Why SELinux is inherently complex
The root of SELinux's problems is that SELinux is a complex security mechanism that is hard to get right. Unfortunately this complexity is not (just) simply an implementation artifact of the current SELinux code; instead, it's inherent in what SELinux is trying to do.
What SELinux is trying to do is understand 'valid' program behavior and confine programs to it at a fine grained level in an environment where all of the following are true:
- Programs are large, complex, and can legitimately do many things
(this is especially so because we are really talking about entire
assemblages of programs, not just single binaries). After all,
SELinux is intended to secure things like web servers, database
engines, and mailers, all of which have huge amounts of functionality.
- Programs legitimately access things that are spread all over the
system and intermingled tightly with things that they should not
be able to touch. This requires fine-grained selectivity about
what programs can and cannot access.
- Programs use and rely on outside libraries that can have unpredictable, opaque, and undocumented internal behavior, including about what resources those libraries access. Since we're trying to confine all of the program's observed behavior, this necessarily includes the behavior of the libraries that it uses.
All of this means that thoroughly understanding program behavior is very hard, yet such a thorough understanding is the core prerequisite for a SELinux policy that is both correct and secure. Even when you've got a thorough understanding once, the issue with libraries means that it can be kicked out from underneath you by a library update.
(Such insufficient understanding of program behavior is almost certainly the root cause of a great many of the SELinux issues that got fixed here.)
This complexity is inherent in trying to understand program behavior
in the unconfined environment of a general Unix system, where
programs can touch devices in
/dev, configuration files under
/etc, run code from libraries in
/lib, run helper programs from
/usr/bin, poke around in files in various places in
/var, maybe read things from
network calls to various services, and so on. All the while they're
not supposed to be able to look at many things from those places
or do many 'wrong' operations. Your program that does DNS lookups
likely needs to be able to make TCP connections to port 53, but you
probably don't want it to be able to make TCP connections to port
25 (or 22). And maybe it needs to make some additional connections
to local services, depending on what NSS libraries got loaded by
glibc when it parsed
(Cryptography libraries have historically done some really creative
and crazy things on startup in the name of trying to get some
additional randomness, including reading
/etc/passwd and running
netstat. Yes, really (via).)
SELinux can be simple, but it requires massive reorganization of a
typical Linux system and application stack. For example, life would
be much simpler if all confined services ran inside defined directory
trees and had no access to anything outside their tree (ie everything
chroot()'d or close to it); then you could write
really simple file access rules (or at least start with them).
Similar things could be done with services provided to applications
(for example, 'all logging must be done through this interface'),
requirements to explicitly document required incoming and outgoing
network traffic, and so on.
(What all of these do is make it easier to understand expected program behavior, either by limiting what programs can do to start with or by requiring them to explicitly document their behavior in order to have it work at all.)

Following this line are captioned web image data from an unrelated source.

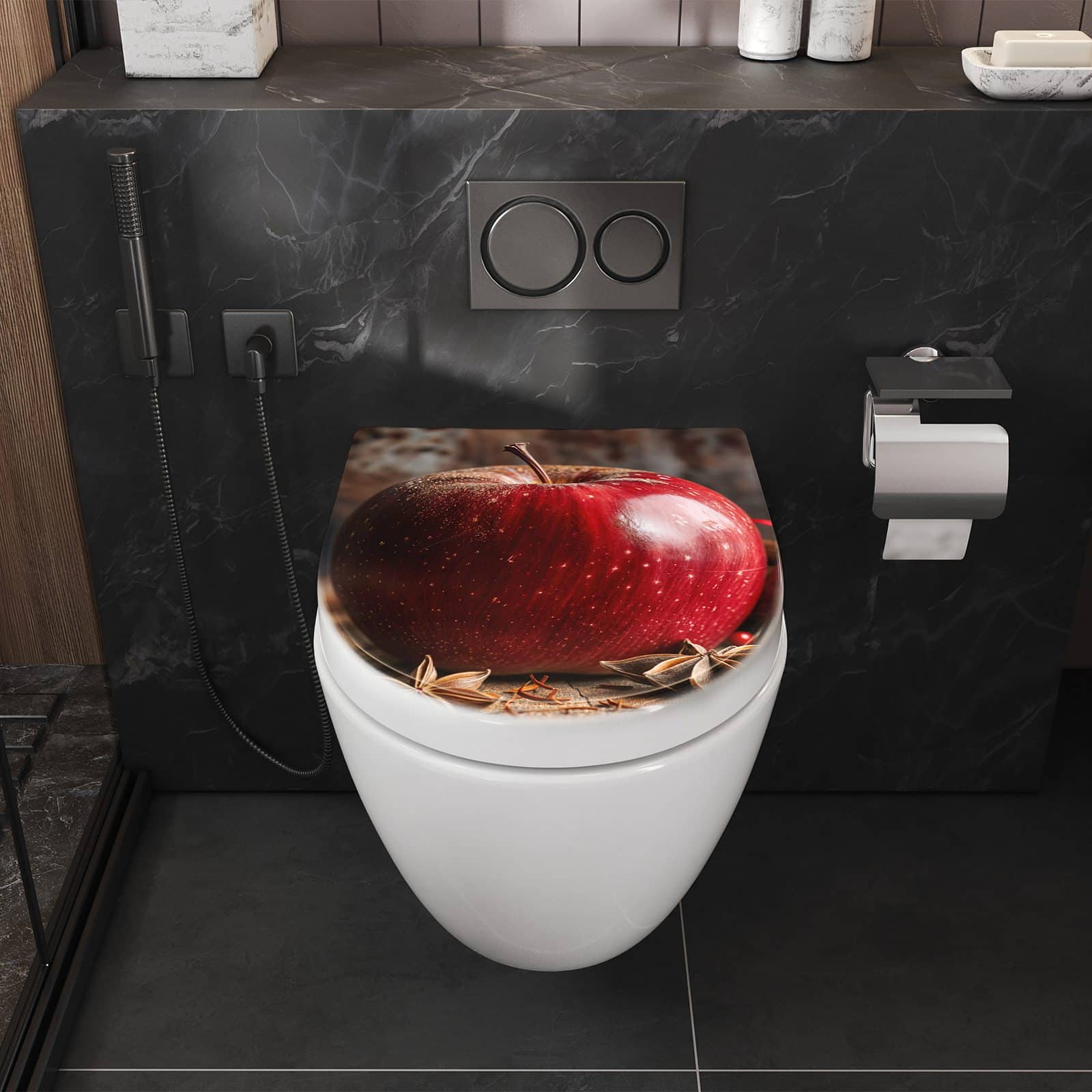 WC-Sitz mit Absenkautomatik mit und Apfel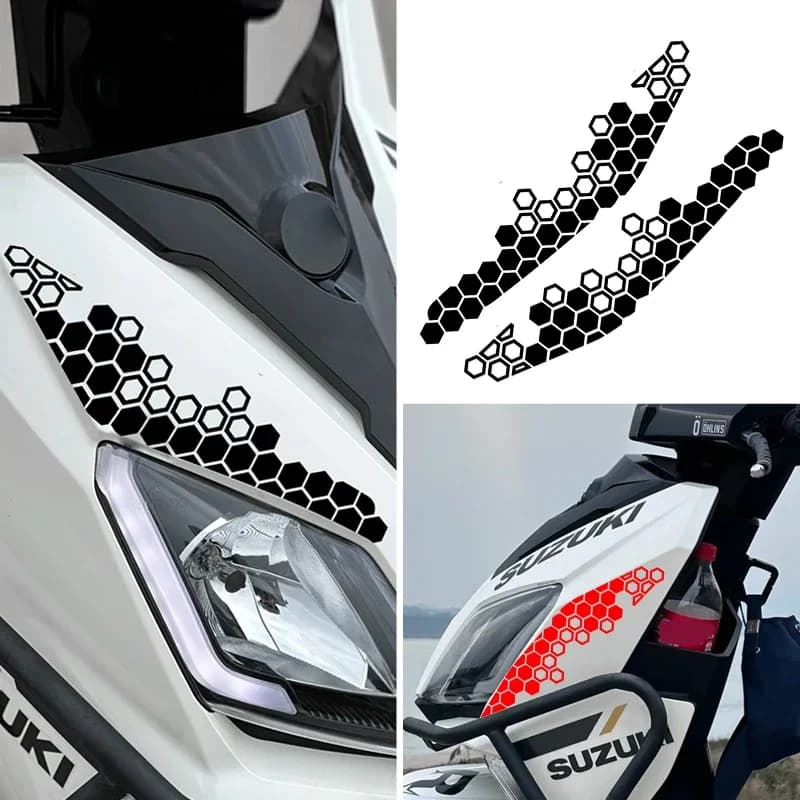 2 pezzi adesivi a nido d'ape per moto decalcomanie impermeabili per il corpo dello scooter accessori per la modifica dell'ornamento del paraurti del casco del serbatoio della moto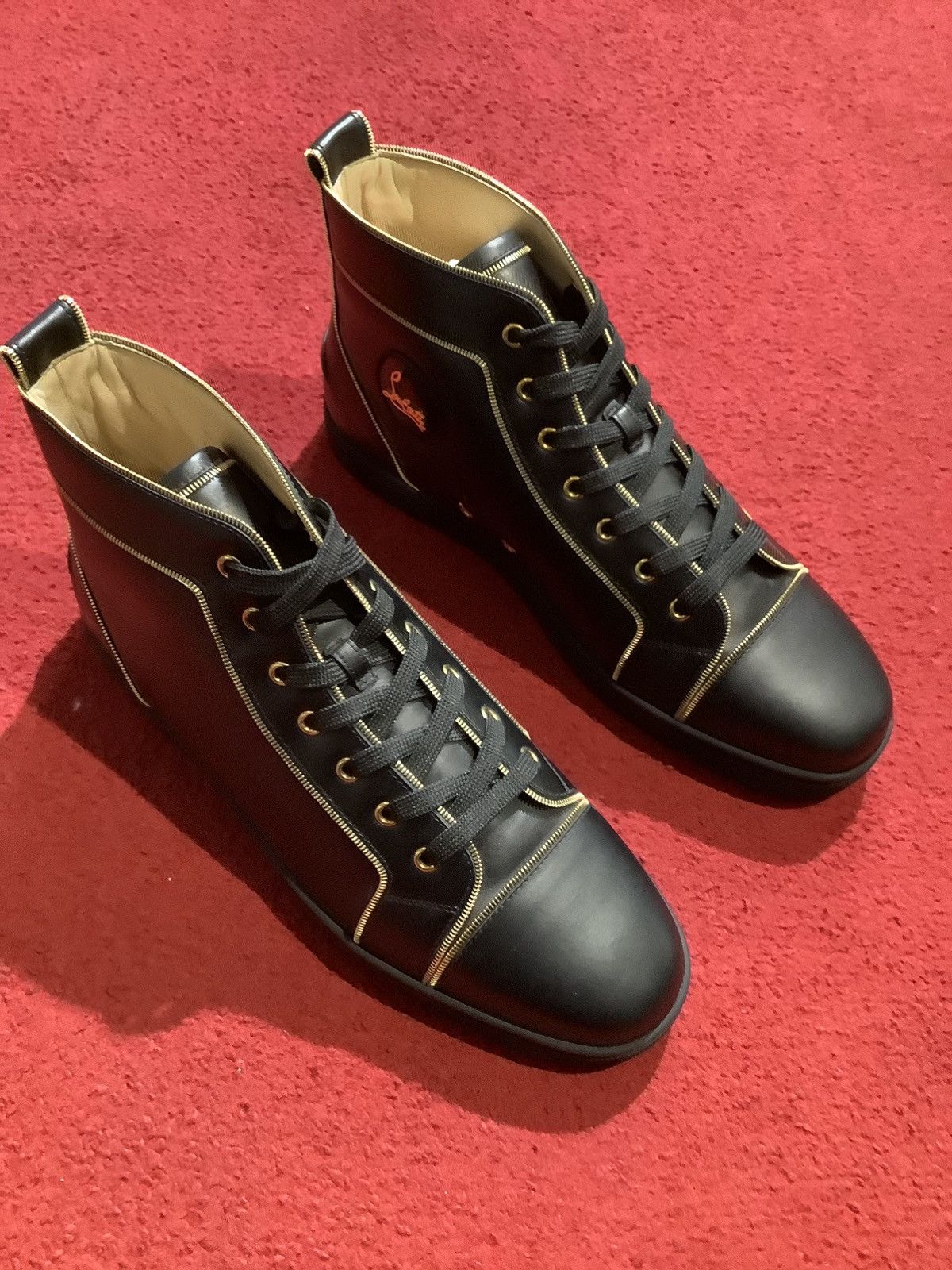Christian Louboutin Louis Z Flat Black Leather High Top Trainers Size US 13 / EU 46 - 9 Thumbnail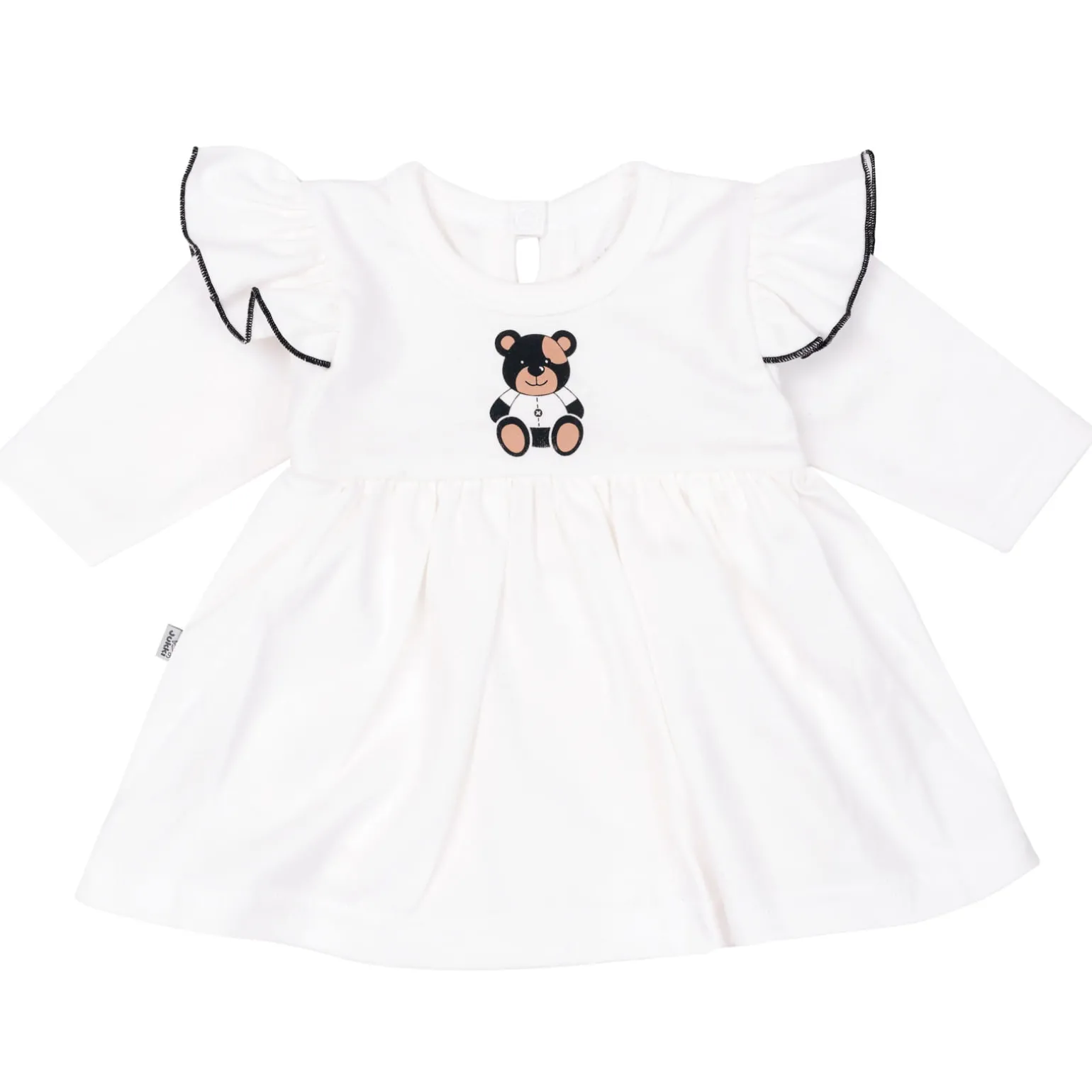 Sukienka z body Black Teddy Bear - White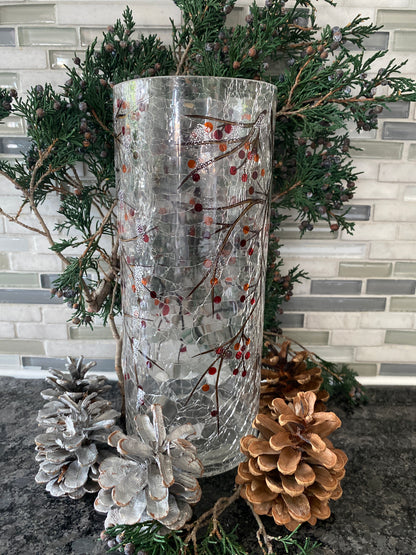 Winter Berry Hurricane Vase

Sidebar: the configuration change problem
The problem gets much worse when you allow system administrators to substantially change the behavior of programs in unpredictable ways by changing their configurations. There is no scalable automated way to parse program configuration files and determine what they 'should' be doing or accessing based on the configuration, so now you're back to requiring people to recreate that understanding of program behavior, or at least a fragment of it (the part that their configuration changes affected).
This generously assumes that all points where sysadmins can change program configuration come prominently marked with 'if you touch this, you need to do this to the SELinux setup'. As you can experimentally determine today, this is not the case.